В таком году произошло бы то-то,
А в этом – это: ездить, видеть, думать,
И вспоминать, и в новую любовь
Входить, как в зеркало, с тупым сознаньем
Измены и еще вчера не бывшей
Морщинкой…
……………………………………………
Но если бы оттуда посмотрела
Я на свою теперешнюю жизнь,
Я б умерла от зависти.

Вот где солнечное сплетение этой судьбы – зависть к самой себе, накануне позорного ждановского гонения, бесстыдства «кровавой куклы палача», вынужденных, вымученных стихов о Сталине и борьбе за мир; зависть «капризной избалованной девочки», которой ей суждено было бы остаться, если бы история не сорвала с ее плеч парижские тряпки, не обрядила бы в рубище, накинув на плечи, для насмешки, ложноклассическую шаль, короновав «Анной всея Руси».

Она боялась переходить улицы, она боялась ездить в трамвае; она была обречена на бездомное и безбытное существование. Она не дождалась свободы, но дожила до признания, и Политбюро махнуло рукой на ее величавую славу и уже не интересовалось: «кто организовал вставание?»

Вокруг нее кружил «волшебный хор» молодых поэтов; роскошь человеческого общения, атмосфера влюбленности, «благодатная осень» – она дожила до сбора урожая.

Трусливая, лишенная чувства великого власть лавочников так и не поставила ей памятник напротив Крестов, как она завещала[8].

Неопалимая купина, она не сгорела «в скорбях, страстях», не сломилась под «нестерпимым гнетом», а пламя лишь закалило ее поэзию, благородный сплав невыносимой боли, неистовой любви, чистой красоты и неукротимой совести.

Ржавеет золото и истлевает сталь,
Крошится мрамор, к смерти все готово…
Всего прочнее на земле печаль
И долговечней – царственное слово.

Вот только куда надменность наша подевалась?


Анна Андреевна Ахматова была слаба на передок (ее лексика), лжива, тщеславна и высокомерна. Она оставалась равнодушна к лагерным мукам сына; оклеветала Наталью Васильевну Варбанец, обвинив ее в доносительстве только потому, что не хотела ее в невестки.

Все это и не только это – правда, но все это остается за пределами данного текста.

Жизнь Марины Цветаевой рассматривали в цейсовский артиллерийский бинокль, жизнь Ахматовой – в перевернутый театральный.

Отчего так? Не знаю.

Пастернак Борис Леонидович

(1890–1960)

Сталин позвонил Пастернаку – статуя Командора заговорила; Сталин спросил Пастернака об арестованном Мандельштаме, Пастернак отвечал со свойственным ему поэтическим косноязычием (Заболоцкий: когда Пастернак мне что-нибудь говорил, я ждал, пока он закончит, а потом просил повторить понятно и по порядку).

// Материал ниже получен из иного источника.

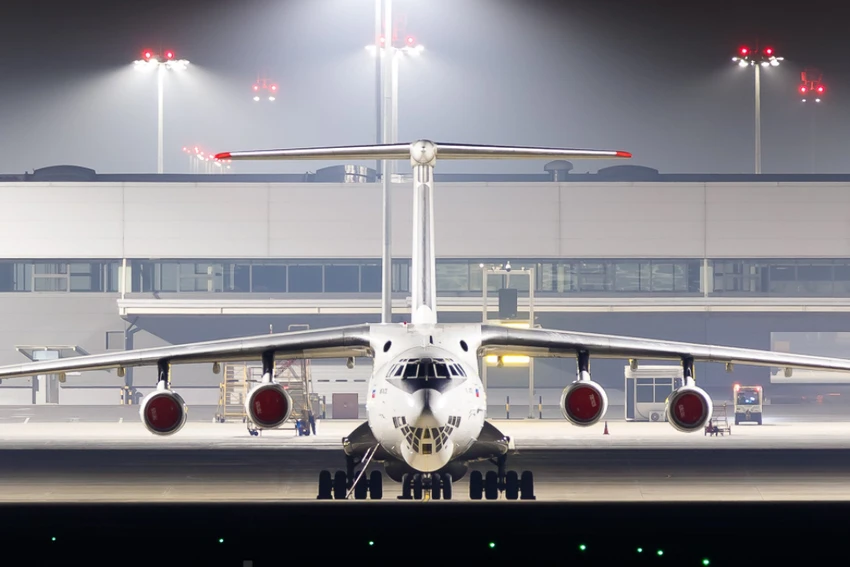 Rộ tin vận tải cơ quân sự Ilyushin Il-76 của Nga đến Cuba giữa lúc Mỹ gia tăng sức ép với Havana.jpg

Пастернак сказал Сталину, что хочет с ним поговорить о жизни и смерти – это было дерзко и нелепо, как ода «Вольность» Пушкина.

Сталин повесил трубку, а Пастернак написал роман.

Фабула «Доктора Живаго» проста, как фабула Библии: человек и время, свеча поэзии и ураган революции; сюжет романа поворачивается подчас на искусственных шарнирах, что едва ли было важно автору; проза романа насыщена поэзией, как грозовая туча электричеством, не мудрено, что в конце концов вспыхивает ослепительная молния и гремит оглушительный гром – стихи Юрия Живаго о Боге, любви, страданиях, о нестерпимой красоте Божьего мира, о жизни и смерти.

Из-за бесконечных проволочек и запретов на родине роман вышел в свет в Италии (1957), был мгновенно переведен на все существующие языки, Пастернак был удостоен Нобелевской премии (1958) – первый русский писатель после белоэмигранта Бунина.